Readers' views: July 18
letters
Pro-life party
Did you realize that
seven of the nine current U.S. Supreme Court justices were nominated
by Republican presidents?
Two and a half
years into the current administration's control of the White House,
with control of both congressional houses, there is still no
partial-birth abortion bill on the president's desk.
Over 10 years and 10 million abortions ago,
the first President Bush had the opportunity to appoint a pro-life
Supreme Court justice who would overturn Roe v. Wade. Sadly, he gave
us the pro-abortion David Souter.
Harry
Blackmun, a Nixon appointee, authored Roe v. Wade.

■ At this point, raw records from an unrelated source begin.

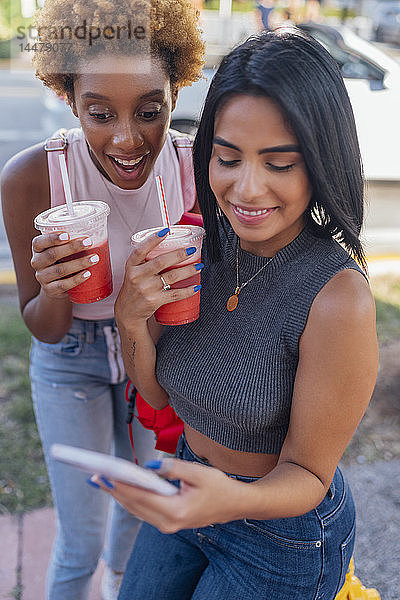 USA  Florida  Miami Beach  zwei glückliche Freundinnen mit Handy und Erfrischungsgetränk in der Stadt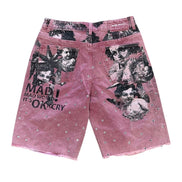 Pink shorts with graphic designs and text on a white background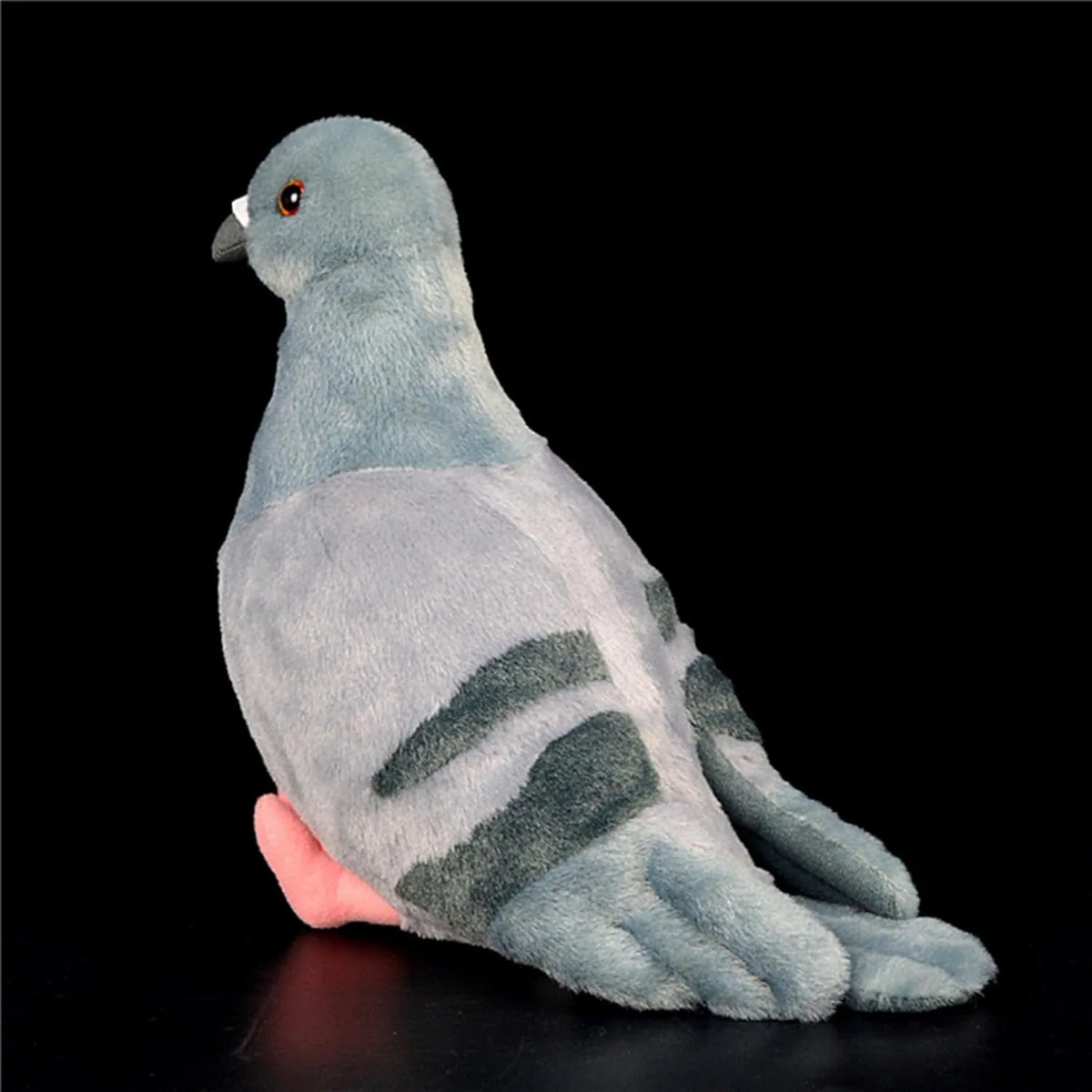 A soft gray pigeon plush toy with dark stripes, shown in a profile view against a black background.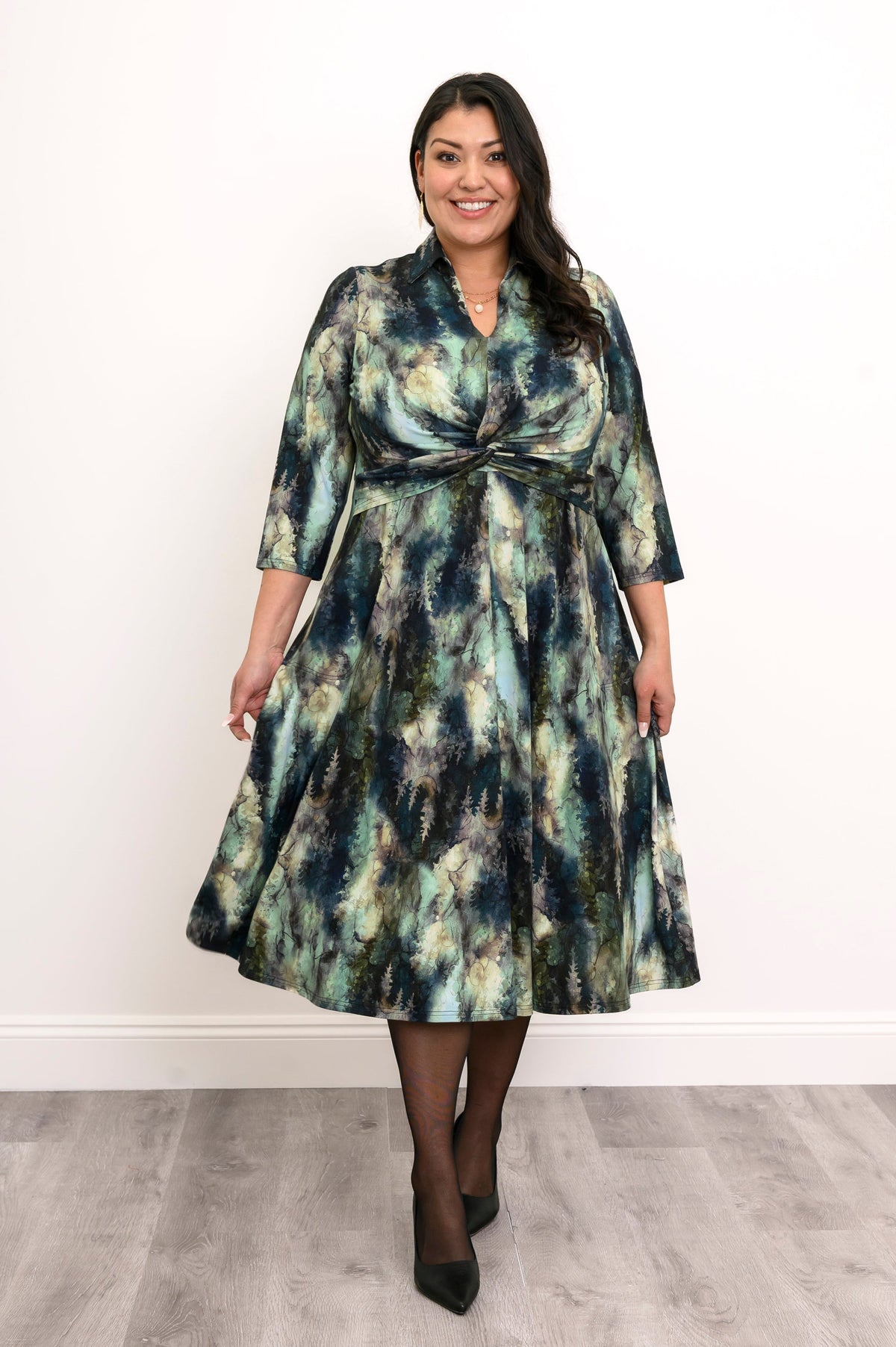 Front view of plus sized female model wearing a A-line watercolor tree pattern bamboo dress featuring a front twist, collar, and 3/4 sleeves, styled with heels and tights, against a white wall and gray floor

This White House is not pro-family, as is
clearly illustrated by its lack of defense of the controversial
remarks by the staunchly pro-life Sen. Rick Santorum, R-Pa.
The Republicans, like the Democrats (they are
all Republicrats) are tied to the United Nations' "war on
population" agenda.
Did you realize that
the entire world's population could be stood up within the city
limits of Jacksonville, Fla.? Thirty billion square feet divided by
6 billion people gives about five square feet per person. No, the
world is not overpopulated!
I used to
believe in Santa Claus, the Easter Bunny, that Lee Harvey Oswald
killed John F. Kennedy, and in Darwin's fairy tale of evolution.
Upon closer inspection of the evidence, all these beliefs have
proven to be false.
Please join with me
and my fellow patriots and help us reclaim our nation. Help us build
a true pro-life America First Party. Go to
www.americafirst- party.org for further information.
DAVID A. NOLD Crofton
Four Seasons
The positions taken by letter writers in favor
of the Four Seasons development on Kent Island fall into interesting
patterns.
There is the "We have visited
K. Hovnanian Cos. projects in New Jersey and Virginia and they are
wonderful!" group. How did these writers come to visit those
projects, and at whose expense?
A second
group decries the cost to Queen Anne's County taxpayers of
responding to the litigation involving Four Seasons. Its writers
don't mention that Hovnanian initiated such litigation.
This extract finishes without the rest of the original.